Acting Internal Army Colonel
- In office 190 – ?

Personal details
- Born: Unknown Pei Commandery
- Died: 209
- Occupation: Military officer
- Courtesy name: Gongliu (公劉)

= Shi Huan =

Chinese official serving the warlord Cao Cao (died 209)

Shi Huan (died 209), courtesy name Gongliu, gained a reputation for valour and loyalty comparable to Han Hao. Shi Huan served the Eastern Han dynasty warlord Cao Cao from early on and was a trusted figure who helped supervise officials.

== Life ==
Shi Huan was from Pei Commandery and as a youth, he acted as a xia (俠), gathering followers without official authority and often acting outside the law. Shi Huan gained a reputation for having a heroic spirit. When Cao Cao raised forces to face Dong Zhuo in 190, Shi Huan led his retainers to join Cao Cao as Acting Internal Army Colonel and became a trusted aide, helping supervise the officers on campaign. In 198, the warlord Zhang Yang was assassinated and in the turmoil, the former Heishan bandit Sui Gu gained control in Henei and sought an alliance with Yuan Shao. Seeking to prevent the alliance and secure his left flank, Cao Cao sent an army led by Shi Huan, Cao Ren and Yu Jin across the He river to intercept Sui Gu's march north. The forces met in a battle at Quancheng with Sui Gu killed and his forces brought under control.

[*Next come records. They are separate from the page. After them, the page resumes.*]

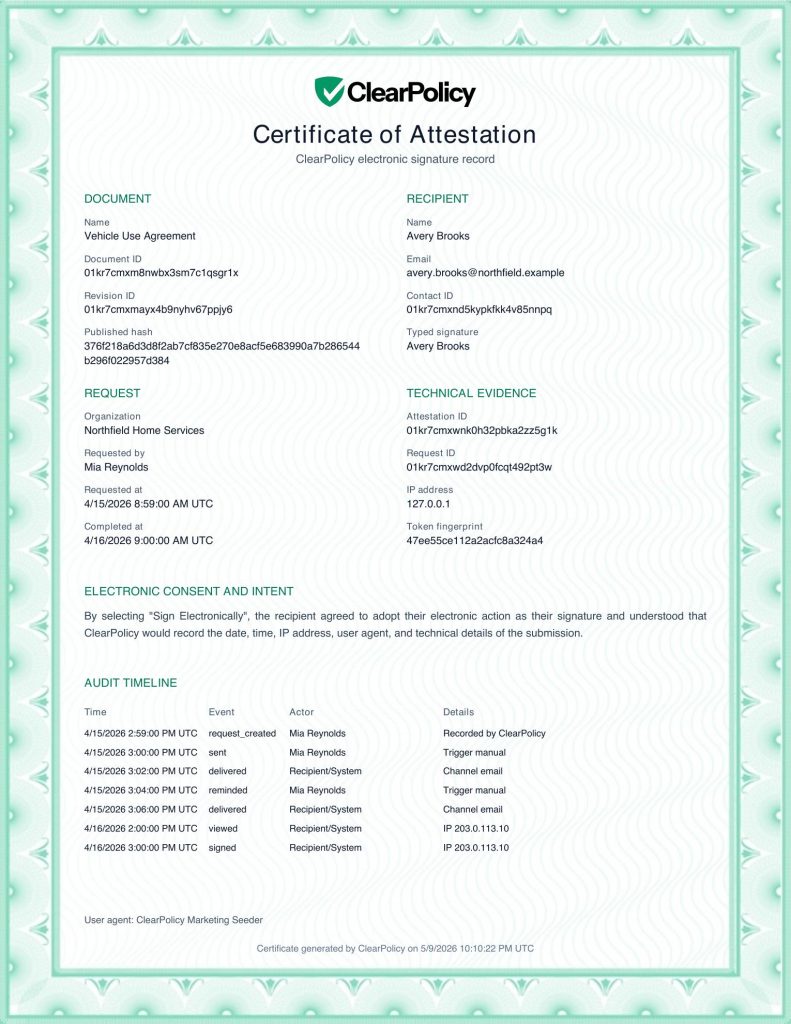 ClearPolicy Attestation Signature Receipt Certificate ClearPolicy Attestation Signature Receipt Certificate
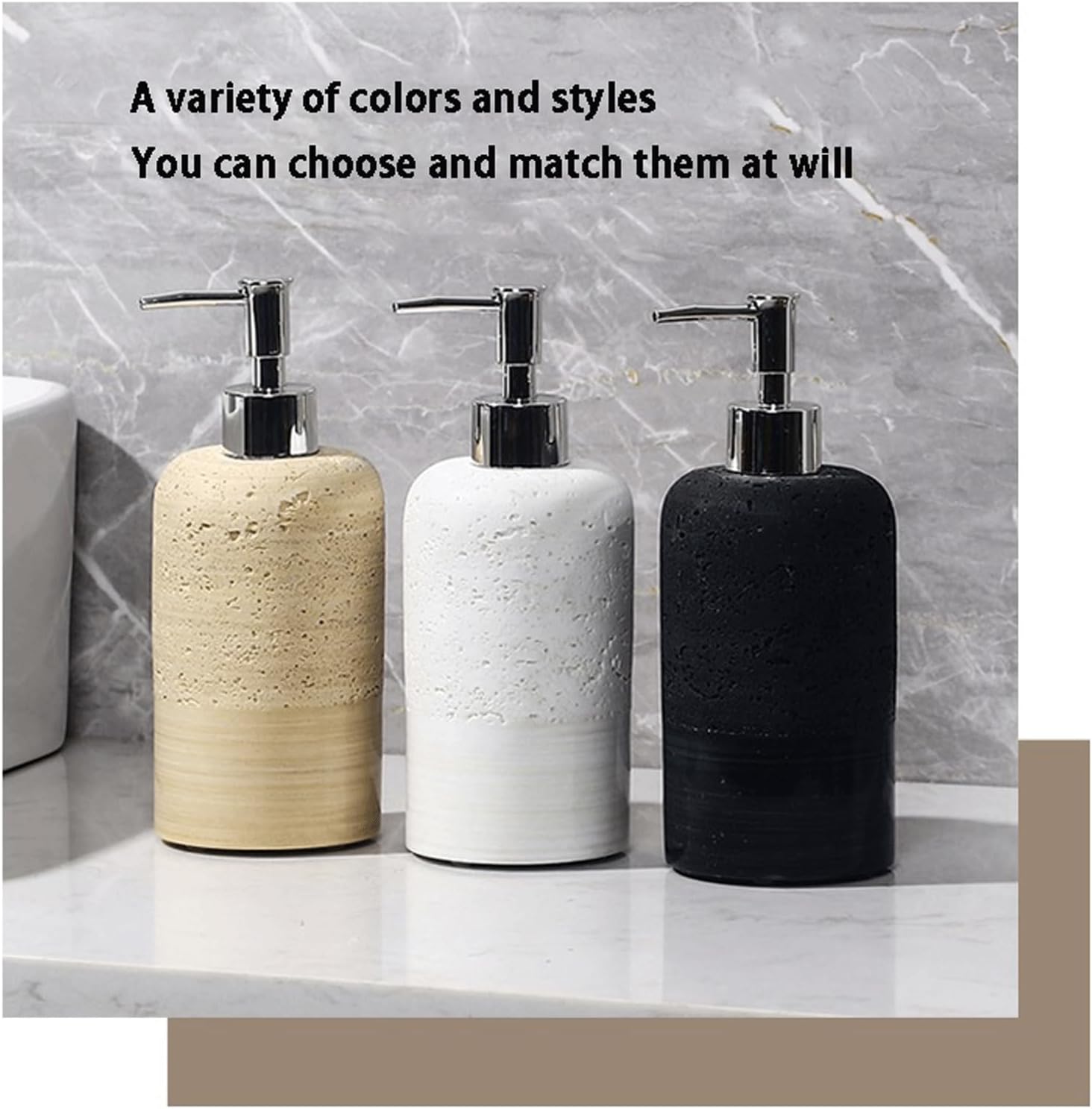Liquid Soap Dispenser Stone Liquid Soap Dispensers with Silver Pump Beige Refillable Hand Dish Lotion Soap Dispenser Rustic Soap Pump Shampoo Bottles for Bathroom Kitchen Decor Decor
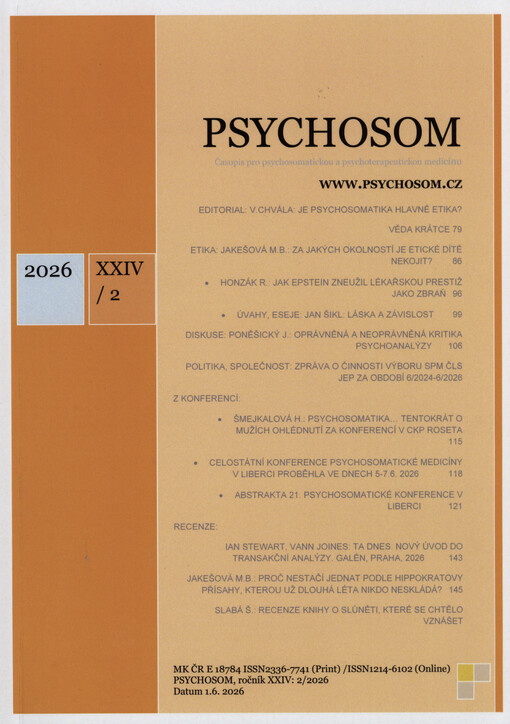 Psychosom : časopis pro psychosomatickou a psychoterapeutickou medicínu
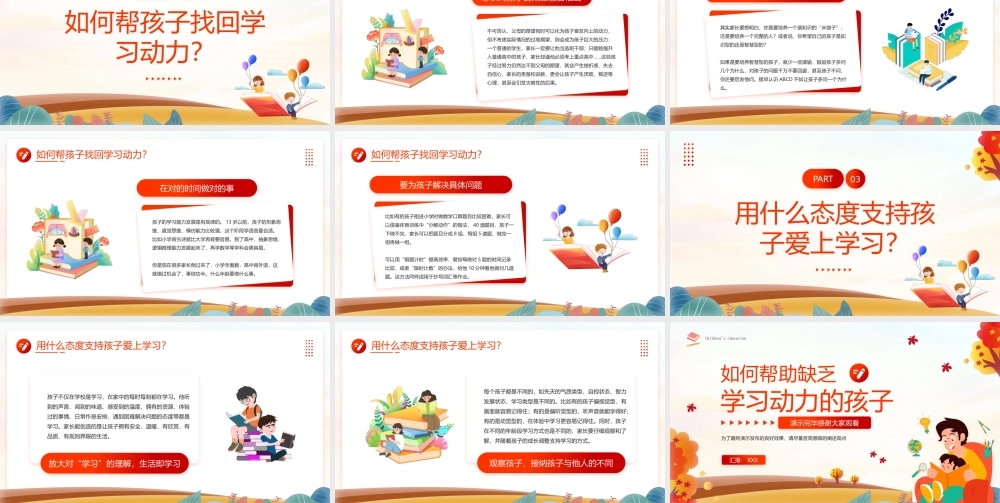 儿童学习主题教育培训讲座PPT如何帮助缺乏学习动力的孩子PPT课件（带内容）.pptx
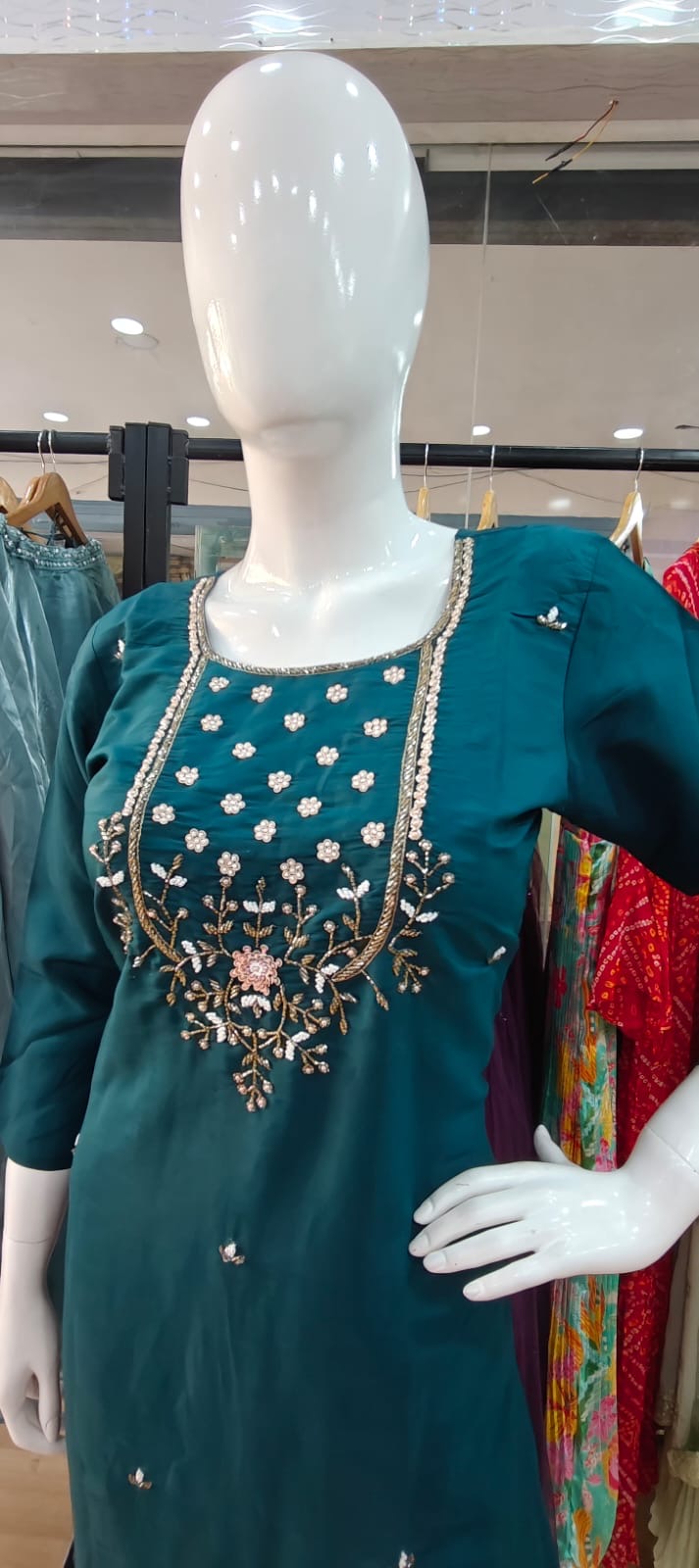 Blue green suit with Banarasi dupatta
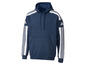 Een donkerblauwe Adidas hoodie met witte strepen op de mouwen.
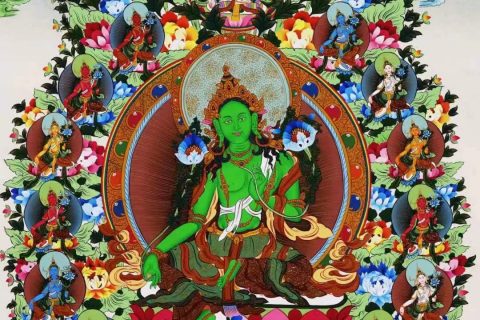 编号138-491818：彩绘唐卡-绿度母·二十一度母（70*45CM左右）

During the Battle of Guandu, Shi Huan was sent with Xu Huang to raid Yuan Shao's supplies at Gushi, defeating the defenders and setting the supplies ablaze. Shi Huan was given a trusted police role within the army and in 207 there was a debate among Cao Cao's officers about whether to undertake a risky march to attack Liucheng to defeat the Yuan remnants and the Wuhuan. Shi Huan feared the route was too long and dangerous so sought to gather support but he was unable to persuade Han Hao. The plan went ahead and Cao Cao was victorious at the Battle of White Wolf Mountain but after a difficult march back, Cao Cao rewarded those who had objected.

Shi Huan died in 209 with his son Shi Jing inheriting his estate.

== Romance of Three Kingdoms ==
An officer under Xu Huang, Shi Huan captures and interrogates a spy who tells Xu Huang about the supplies at Gushi. Shi Huan then sets the supplies on fire. In the Battle of Cangting Shi Huan has a duel with Yuan Shang but when Yuan Shang fakes a retreat, Shi Huan is lured to follow him and is then fatally shot in the eye by Yuan Shang. Yuan Shao then orders his troops to attack.